South Africa’s macadamia industry is expanding by over 3 000ha/year and the planted area has reached around 30 000ha. While Pongola’s 2 000ha may seem small, the farmers here have only recently begun planting macadamias, and most trees are not yet in production.
With much more arable land available, this region is set to become one of the largest for macadamia production in the country.
Mega-farmer Charl Senekal, the biggest sugar cane producer in South Africa, believes that macadamias present a valuable opportunity not only for sugar cane producers, but for marginalised farmers too.
“Makatini Flats, adjacent to Pongola, has over 2 000ha of prime soil that would be ideal for macadamia cultivation. The group of farmers there have expressed a lot of interest, but they require government support and the correct extension officers who can provide them with the right knowledge. Macadamias are far simpler to farm than citrus, so the nuts present a very good opportunity for these farmers.”
Senekal himself has started planting macadamias on unused fields, and although he isn’t planning to replace all his sugar cane with nuts, he has big plans for expansion.

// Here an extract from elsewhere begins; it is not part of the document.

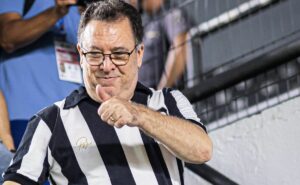 santos irá receber quantia milionária de patrocinadores; marcelo teixeira aprovou e valores foram revelados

“We have 60ha in the ground and there’s potential to expand by another 2 000ha. With sugar prices not faring very well, and the potential of the nut industry, I believe now is a good time to invest in macadamias.”
Relief for sugar farmers
While farmers are cautiously optimistic about the future of the macadamia industry and its ability to provide stable prices over the long term, Senekal thinks that the potential of the crop to fit into a wide range of value-added products means that it will stay in demand if marketed correctly.
Sharing his optimism, Sedrich Moore, owner of Northern Sugar Estate, says that macadamias are providing a welcome relief for sugar cane growers, who are feeling the pressure of reduced tonnage allocations from the local mill.
“Seven years ago, there were talks that the local mill was going to cut the amount of sugar we could deliver to it. We immediately decided to plant the open land we had to macadamias so that we’d have an alternative source of income.”
Moore adds that many farmers in the area have adopted this approach.
“While the mill didn’t cut back on quotas over the past seven years, the fear that they will do so in future remains. Since farmers can’t deliver less than their quota allocation without being penalised, sugar land is not being reduced as yet. But any spare land that farmers have is being planted to macadamias, especially because the nuts take at least five years to come into production, so planting now means there’ll be an income then.”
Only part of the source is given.